More to be done: For the FTSE 350 to hit the 33% target for women on boards by 2020, ‘almost one in two - or around 40% of all appointments - need to go to women over the next three years’. The quality of these appointments matters too. So far, the overwhelming majority of new female appointments have been made at the non-executive level, says Raj Tulsiani, CEO of interim management company Green Park.

‘Green Park’s annual Leadership 10,000 report found that the number of FTSE100 female executive directors has actually decreased across the index this year and now sits at under half of the total number of female non-executive directors,' says Tulsiani. 

There are other major issues to tackle too, such as the gender pay gap, unconscious bias and discrimination against working mothers.

Recent stats from Equality Human Rights show that one in nine mothers (11%) reported that they were either dismissed, made compulsorily redundant where others in their workplace were not, or treated so poorly they felt they had to leave their job.

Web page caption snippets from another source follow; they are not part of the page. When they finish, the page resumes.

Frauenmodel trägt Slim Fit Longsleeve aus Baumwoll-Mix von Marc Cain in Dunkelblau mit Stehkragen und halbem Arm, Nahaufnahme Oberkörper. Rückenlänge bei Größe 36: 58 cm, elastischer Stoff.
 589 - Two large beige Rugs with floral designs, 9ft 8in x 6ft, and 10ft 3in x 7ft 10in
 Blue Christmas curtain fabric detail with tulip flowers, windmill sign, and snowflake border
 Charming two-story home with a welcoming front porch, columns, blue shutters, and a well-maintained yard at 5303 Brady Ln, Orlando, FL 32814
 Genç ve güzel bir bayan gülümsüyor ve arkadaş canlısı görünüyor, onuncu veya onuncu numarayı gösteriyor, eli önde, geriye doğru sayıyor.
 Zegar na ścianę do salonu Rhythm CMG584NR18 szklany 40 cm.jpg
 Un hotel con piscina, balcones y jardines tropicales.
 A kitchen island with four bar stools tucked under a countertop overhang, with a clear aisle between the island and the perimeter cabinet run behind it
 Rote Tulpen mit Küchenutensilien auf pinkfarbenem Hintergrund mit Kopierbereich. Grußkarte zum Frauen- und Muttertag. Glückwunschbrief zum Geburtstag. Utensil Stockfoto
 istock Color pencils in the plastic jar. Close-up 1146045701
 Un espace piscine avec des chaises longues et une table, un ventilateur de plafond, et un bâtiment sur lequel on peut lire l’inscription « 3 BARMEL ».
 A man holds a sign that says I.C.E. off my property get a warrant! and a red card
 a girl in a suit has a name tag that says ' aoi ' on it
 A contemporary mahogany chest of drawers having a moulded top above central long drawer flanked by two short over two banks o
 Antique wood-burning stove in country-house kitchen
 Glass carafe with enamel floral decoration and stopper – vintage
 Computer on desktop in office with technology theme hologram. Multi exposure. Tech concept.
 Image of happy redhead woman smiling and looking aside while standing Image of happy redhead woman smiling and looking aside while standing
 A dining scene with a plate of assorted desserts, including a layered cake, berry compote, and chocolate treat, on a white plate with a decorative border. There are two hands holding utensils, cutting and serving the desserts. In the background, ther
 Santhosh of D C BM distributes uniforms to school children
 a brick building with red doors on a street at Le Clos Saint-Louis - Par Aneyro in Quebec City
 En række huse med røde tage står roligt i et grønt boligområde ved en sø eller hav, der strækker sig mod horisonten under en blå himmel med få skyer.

'If this is then scaled up to the general population, it could mean as many as 54,000 mothers a year are forced out of their jobs,' says Shannan Weeks of VerriBerri, which has an all-female managerial staff. 'The Hampton-Alexander Review shows we're making promising steps towards women's equality - but there are still big issues to address.'

The World Economic Forum reckons it will take 217 years for disparities in the pay and employment opportunities of men and women to end. British businesses need to up their game.